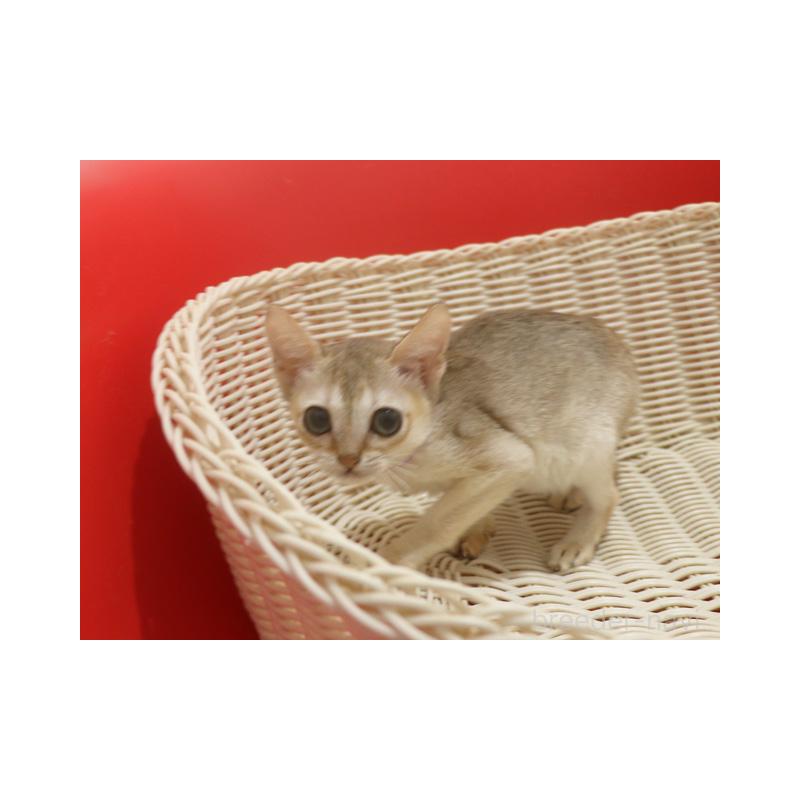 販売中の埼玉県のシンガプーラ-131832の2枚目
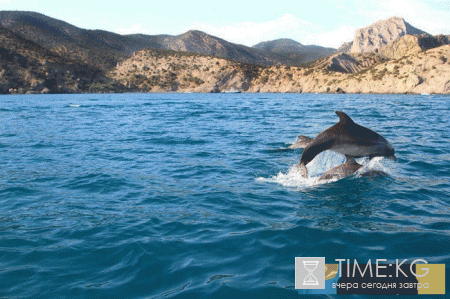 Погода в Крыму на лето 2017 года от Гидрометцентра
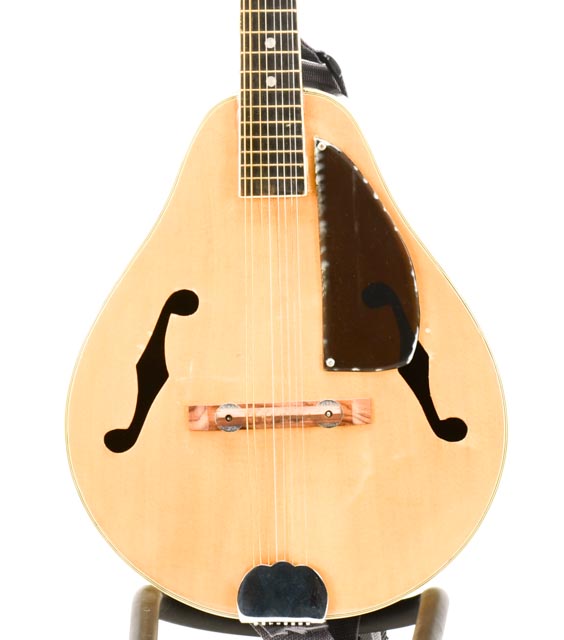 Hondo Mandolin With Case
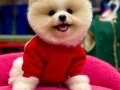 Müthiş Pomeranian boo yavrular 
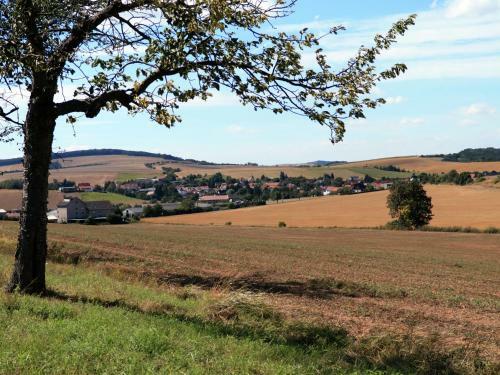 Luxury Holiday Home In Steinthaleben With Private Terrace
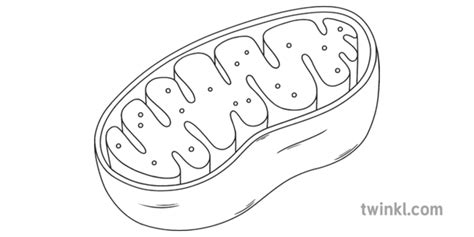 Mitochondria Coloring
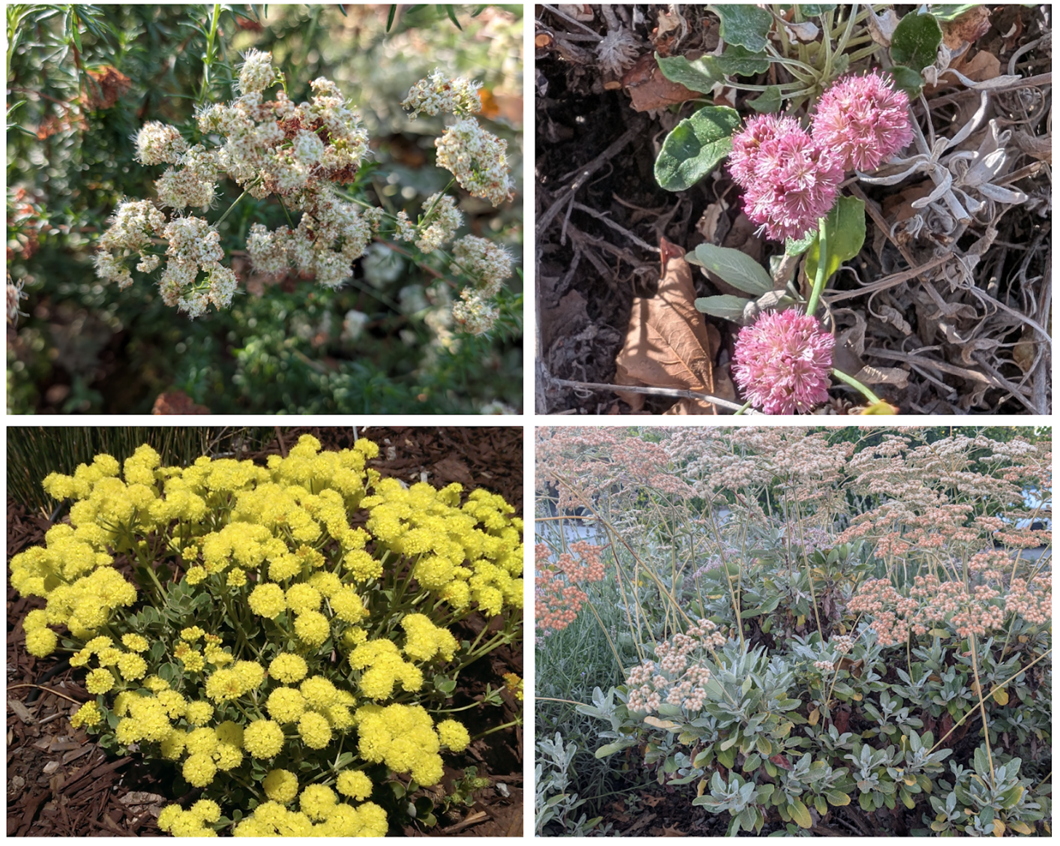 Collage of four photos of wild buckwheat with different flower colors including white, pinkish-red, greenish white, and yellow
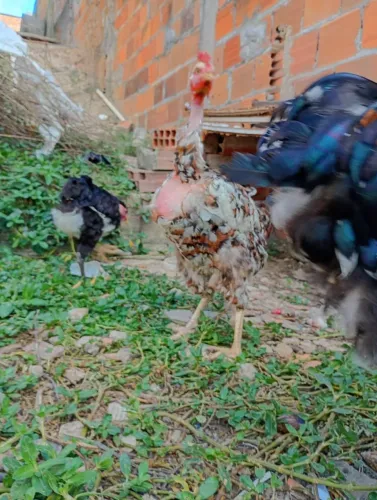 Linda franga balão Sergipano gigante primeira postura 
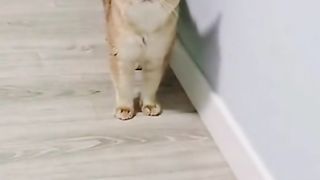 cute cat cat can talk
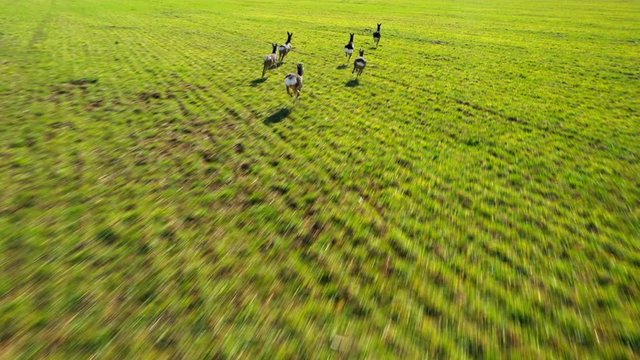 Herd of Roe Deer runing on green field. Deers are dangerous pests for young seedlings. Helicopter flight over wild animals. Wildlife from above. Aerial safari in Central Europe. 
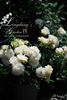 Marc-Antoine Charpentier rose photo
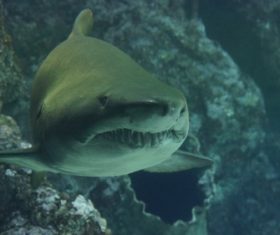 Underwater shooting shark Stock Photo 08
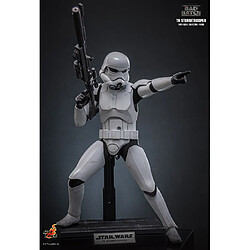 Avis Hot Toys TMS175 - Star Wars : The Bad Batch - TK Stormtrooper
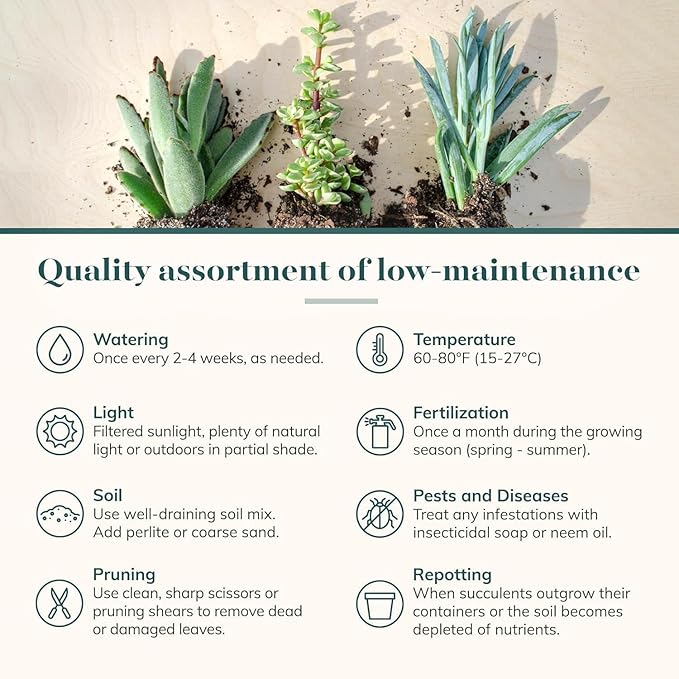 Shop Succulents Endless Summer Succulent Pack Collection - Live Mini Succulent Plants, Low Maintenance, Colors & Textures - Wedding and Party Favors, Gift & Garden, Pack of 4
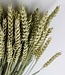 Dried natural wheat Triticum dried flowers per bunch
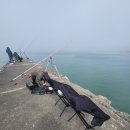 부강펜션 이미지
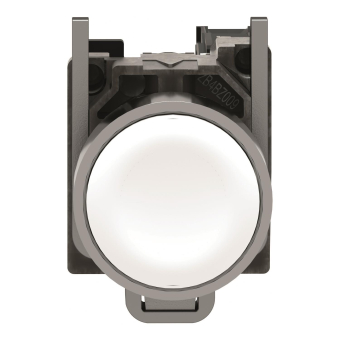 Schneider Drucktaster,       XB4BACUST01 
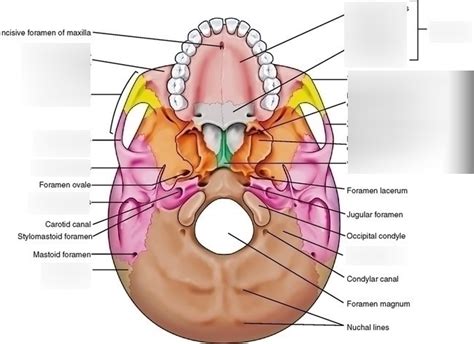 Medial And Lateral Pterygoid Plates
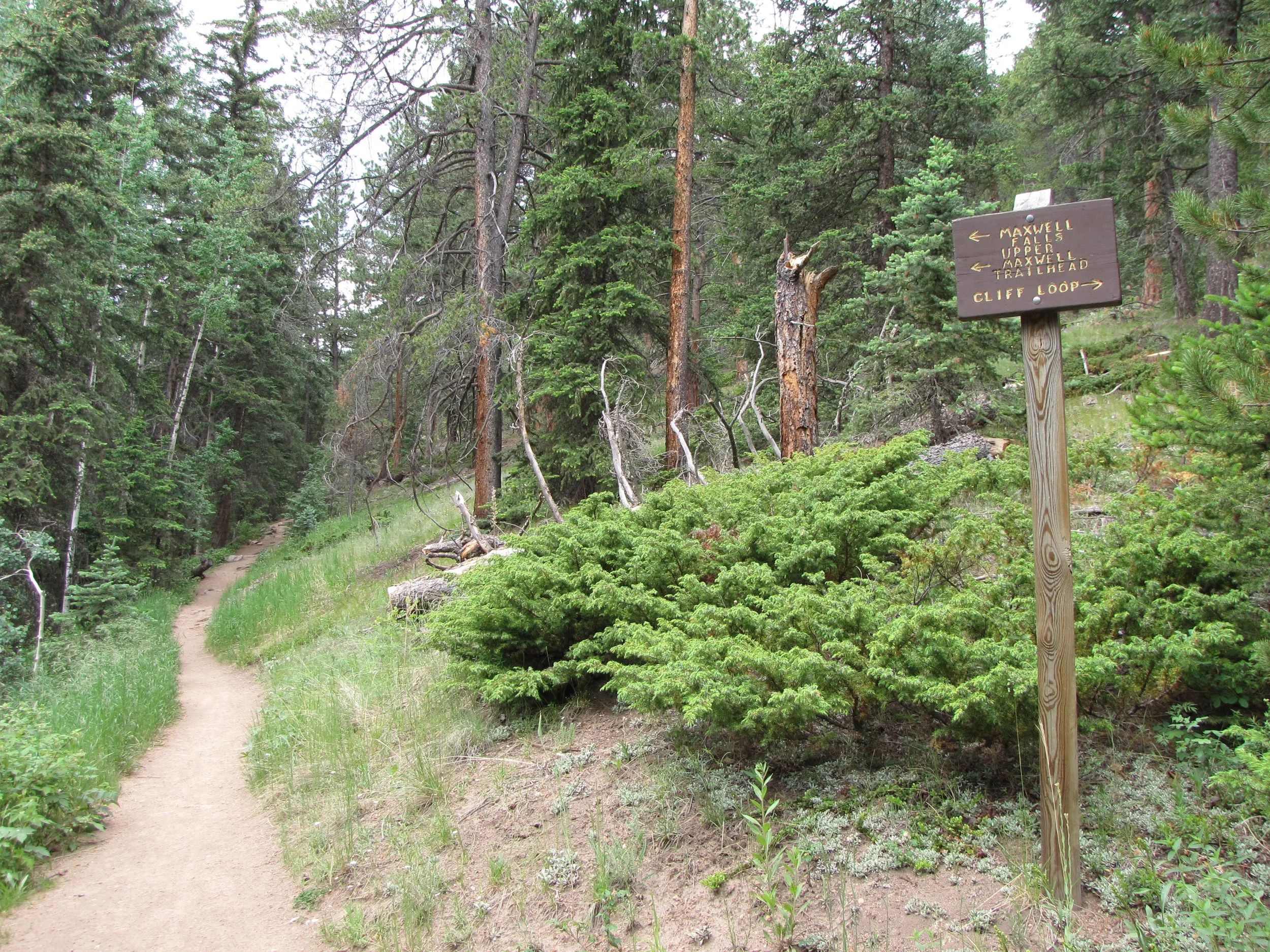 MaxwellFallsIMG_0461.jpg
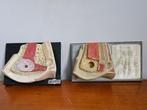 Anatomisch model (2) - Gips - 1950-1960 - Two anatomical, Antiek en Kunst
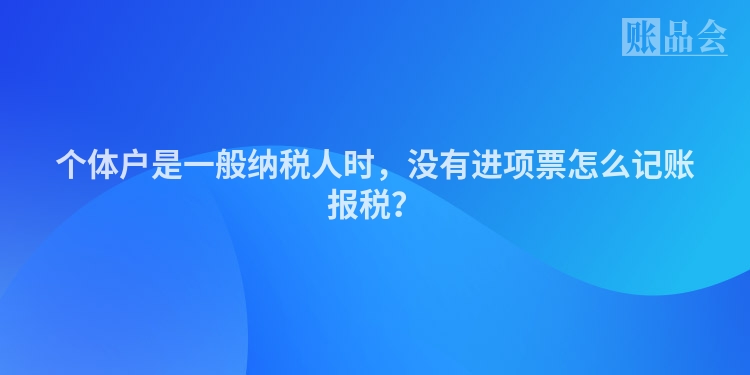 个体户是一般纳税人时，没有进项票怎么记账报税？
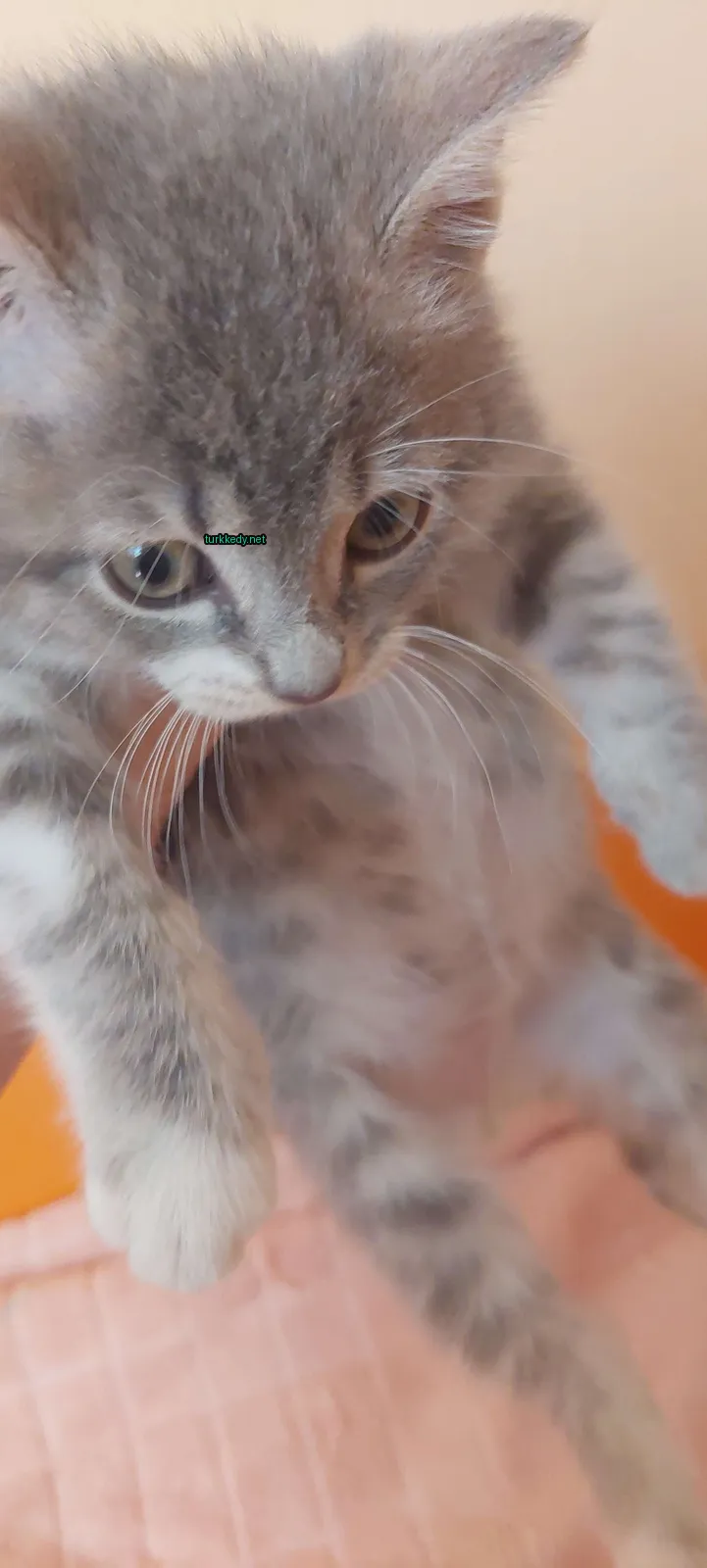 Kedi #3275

§

### WHAT IS REQUIRED
Your task is to retype exactly, and only, the lines from the one that holds "Collage of four" through the end of the listing, both end lines included, without any pictures.

### ANSWER AREA
 Collage of four photos of wild buckwheat with different flower colors including white, pinkish-red, greenish white, and yellow
 Linda franga balão Sergipano gigante primeira postura 
 cute cat cat can talk
 Herd of Roe Deer runing on green field. Deers are dangerous pests for young seedlings. Helicopter flight over wild animals. Wildlife from above. Aerial safari in Central Europe. 
 Marc-Antoine Charpentier rose photo
 Underwater shooting shark Stock Photo 08
 Avis Hot Toys TMS175 - Star Wars : The Bad Batch - TK Stormtrooper
 Shop Succulents Endless Summer Succulent Pack Collection - Live Mini Succulent Plants, Low Maintenance, Colors & Textures - Wedding and Party Favors, Gift & Garden, Pack of 4
 Dried natural wheat Triticum dried flowers per bunch
 부강펜션 이미지
 Schneider Drucktaster,       XB4BACUST01 
 Medial And Lateral Pterygoid Plates
 MaxwellFallsIMG_0461.jpg
 Anatomisch model (2) - Gips - 1950-1960 - Two anatomical, Antiek en Kunst
 个体户是一般纳税人时，没有进项票怎么记账报税？
 Kedi #3275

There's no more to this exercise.